The construction sector in Singapore has been affected by the recent manpower crunch as tighter border measures restricted the supply of migrant workers to complete their projects. In view of the situation, authorities recently extended temporary relief measures to support developers in their construction timelines so that properties may be built in a timely manner. Under the requirements of the PCP, ABSD and QC regimes, developers have to sell and complete the construction of residential projects within a specific time or face financial penalties.
About the bonds
These fixed rate bonds will be issued under the terms of the USD 1 billion guaranteed Euro Medium Term Note Programme. Bonds will be unsecured and ranked pari passu with all other and future unsecured obligations of the issuer. Oxley Holdings Limited is the guarantor while DB International Trust (Singapore) Limited is the trustee of the notes.
Under the terms of the offering circular, the guarantor has to maintain a consolidated tangible net worth of not less than SGD 500m and a ratio of consolidated total borrowings to consolidated total assets of not more than 0.7. If the proportion of consolidated borrowings to shareholder’s equity breaches 3:1, Oxley will not pay dividends or cash amounting to more than 30% of Consolidated EBITDA.
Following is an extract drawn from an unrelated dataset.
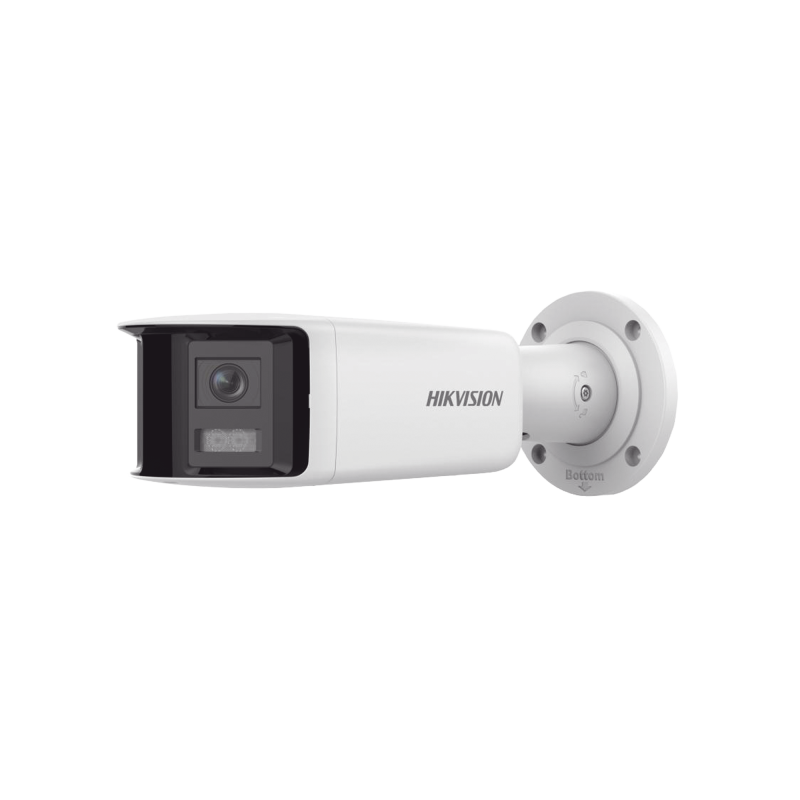 Cámara [PROTECCIÓN ACTIVA] Bala IP 4 Megapixel, 2 Lentes de Lente 2.8 mm (Imagen Panorámica 180°), 40 mts IR, Exterior IP67, Luz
Bondholders may sell the note back to the issuer at 101 in a Change of Control event: (1) If the Permitted Holders - Mr Ching Chiat Kwong, Mr Low See Ching, spouses, relatives, affiliated persons, controlling shareholders – own less than 51% of Oxley, (2) adopt a liquidation or resolution plan for the Oxley group or (3) sell, transfer, dispose all or a significant part of the group’s assets to anyone other than a Permitted Holder. Bondholders may also sell the notes back at par upon the cessation or suspension of trading of shares.
About Oxley Holdings Limited
Oxley is a frequent issuer in the SGD high yield market. With a land bank of 500,000 square metres (“sqm”) as at 31 May 2021, Oxley is a Singapore-listed mid-sized property developer with an approximate market capitalization of SGD 970.2m.
Since its incorporation in 2010, the company completed 33 property developments and launched more than 48 projects across different countries such as the Ireland, the United Kingdom, Malaysia, Cambodia and China. Mr Ching Chiat Kwong, as Executive Chairman and CEO and Mr Eric Low See Ching (deputy CEO and executive director) own 42.5% and 28.3% of the company’s shares respectively as at 31 Dec 2020.
Apart from managing international and Singapore real estate projects, Oxley has a 9.36% stake in Aspen (Group) Holdings Limited, a Singapore-listed company with a market cap of around SGD 167.9m.
Nestled within its SGD 4.70 billion of total assets, Oxley owns the Novotel and Mercure hotels on Stevens, which are functioning as stay-home notice dedicated facilities in Singapore. The group also has an interest in other hotels in Malaysia – Jumeirah Kuala Lumpur Hotel, SO Sofitel Kuala Lumpur Hotel and Shangri-La Hotel in Phnom Penh, Cambodia.
Half-year financial performance
Covid-19 has presented a set of challenges for many companies and Oxley is no exception. Social distancing measures were enforced and many countries entered into lockdowns, thereby limiting manpower supply and slowing down development activities. Nonetheless, more individuals began working from home and there was an uptick in residential property demand, leaving the Singapore housing market in resilient form.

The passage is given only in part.